> _Image-caption web data_:
++++++++
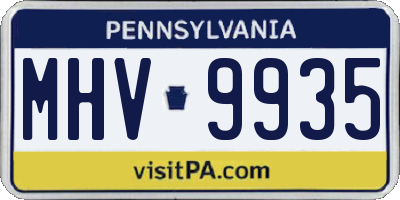 PA license plate MHV9935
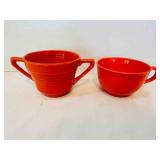 Orange Harlquin Sugar bowl, Orange Tea Coffee cup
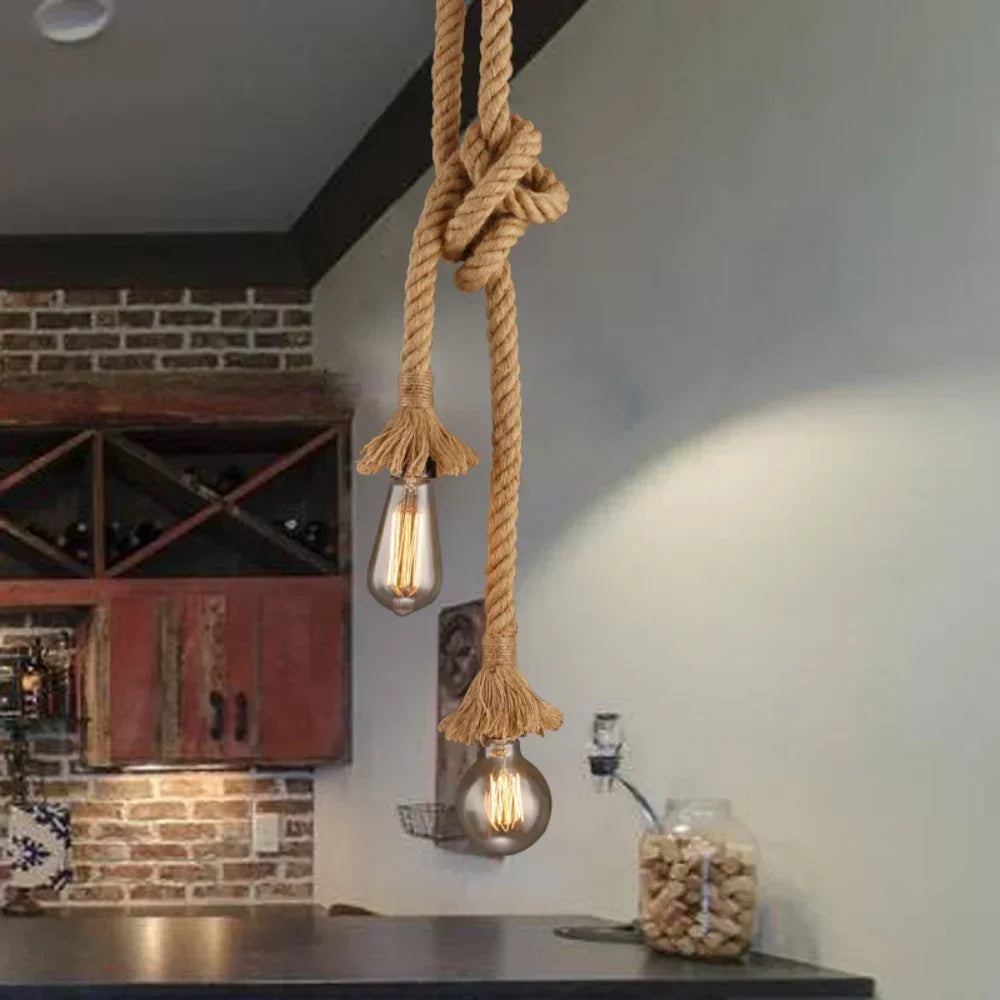 Industrial E27 Vintage Hemp Rope Pendant Lights Attic Personality Indoor Lightings for Loft/Living Room/Bar Pendant Chandelier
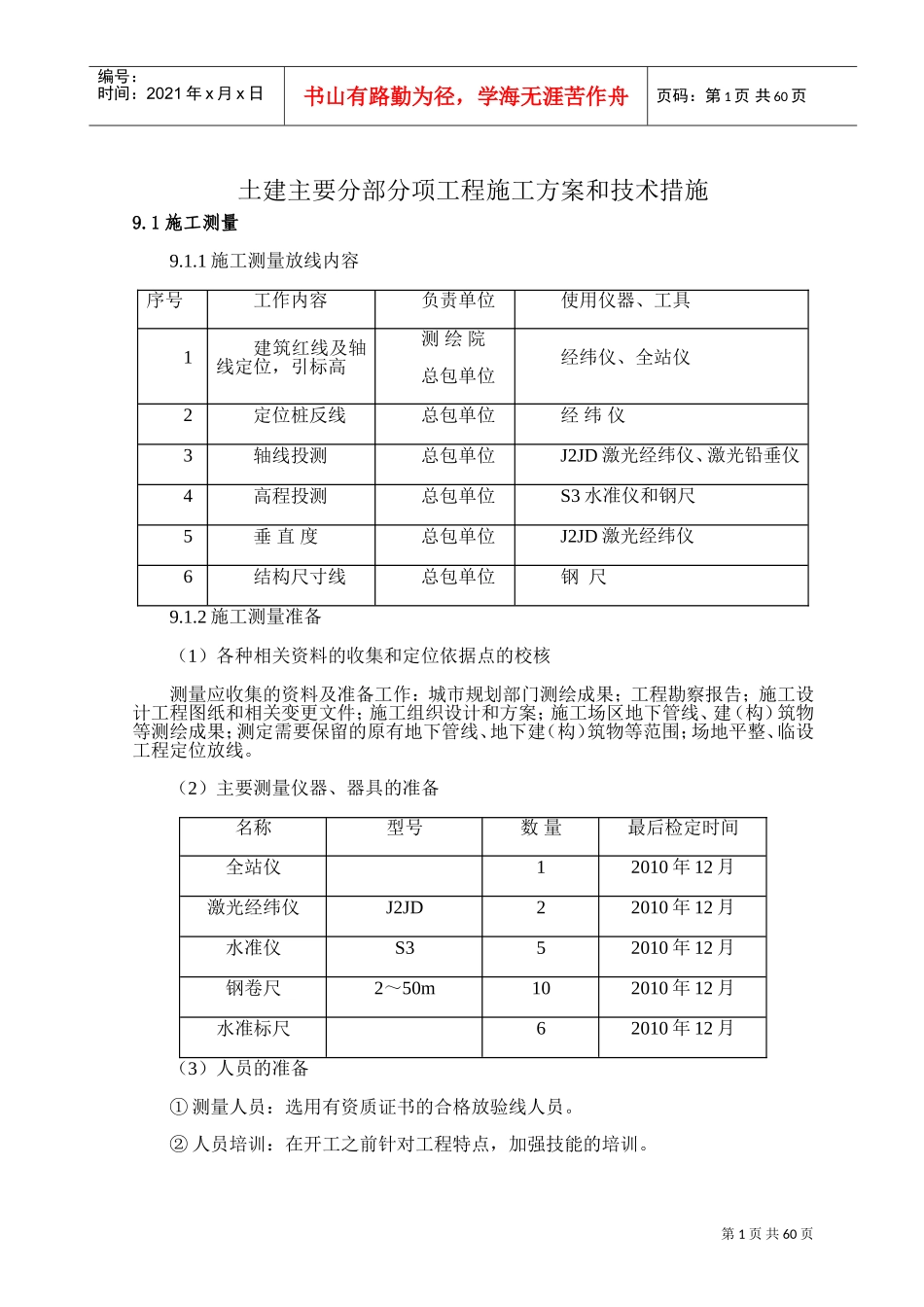 土建主要分部分项工程施工方案和技术措施(DOC63页)_第1页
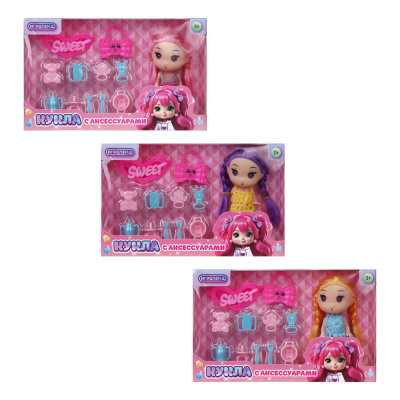 Кукла 11 см с аксессуарами, PP, ABS, 21,5х4,5х16,5см, 3диз ИГРОЛЕНД (6/180)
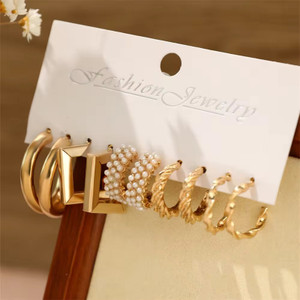 polluxcraft Combo Earrings For Women Girls Korean western Light Weight Stylish fancy Latest Pearl Alloy Stud Earring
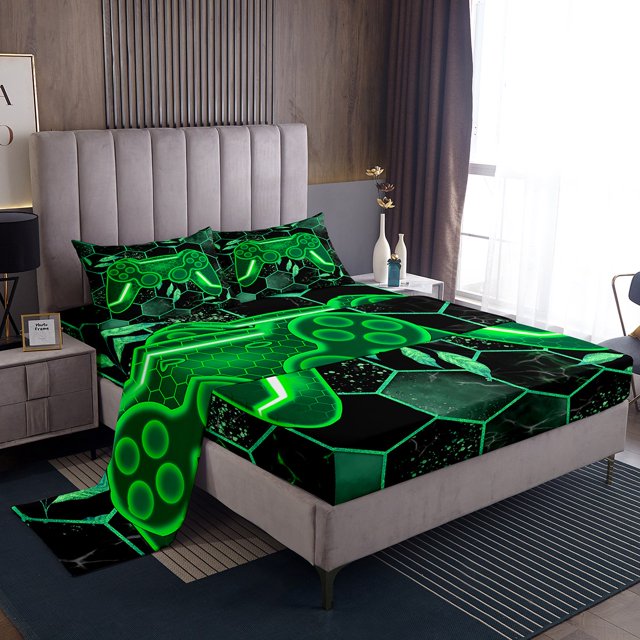 Erosebridal Game Player Sheet Set Queen, Green Gamepad Bedding Sets Queen Size, Checkered Abstract Decor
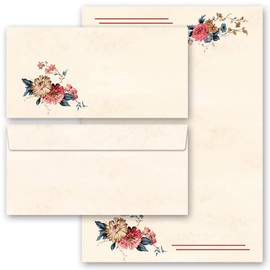 Writing Paper Sets Floral Design Flowers & Blossoms 50 Sheets Letter Paper + 50 Matching Envelopes DIN Long without Window Paper-Media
++++++++
> _Task requirements_:
Leaving pictures aside, write out each record above exactly as given.

> _Response box_:
 PA license plate MHV9935
 Orange Harlquin Sugar bowl, Orange Tea Coffee cup
 Industrial E27 Vintage Hemp Rope Pendant Lights Attic Personality Indoor Lightings for Loft/Living Room/Bar Pendant Chandelier
 土建主要分部分项工程施工方案和技术措施(DOC63页)_第1页
 Кукла 11 см с аксессуарами, PP, ABS, 21,5х4,5х16,5см, 3диз ИГРОЛЕНД (6/180)
 polluxcraft Combo Earrings For Women Girls Korean western Light Weight Stylish fancy Latest Pearl Alloy Stud Earring
 Erosebridal Game Player Sheet Set Queen, Green Gamepad Bedding Sets Queen Size, Checkered Abstract Decor
 Writing Paper Sets Floral Design Flowers & Blossoms 50 Sheets Letter Paper + 50 Matching Envelopes DIN Long without Window Paper-Media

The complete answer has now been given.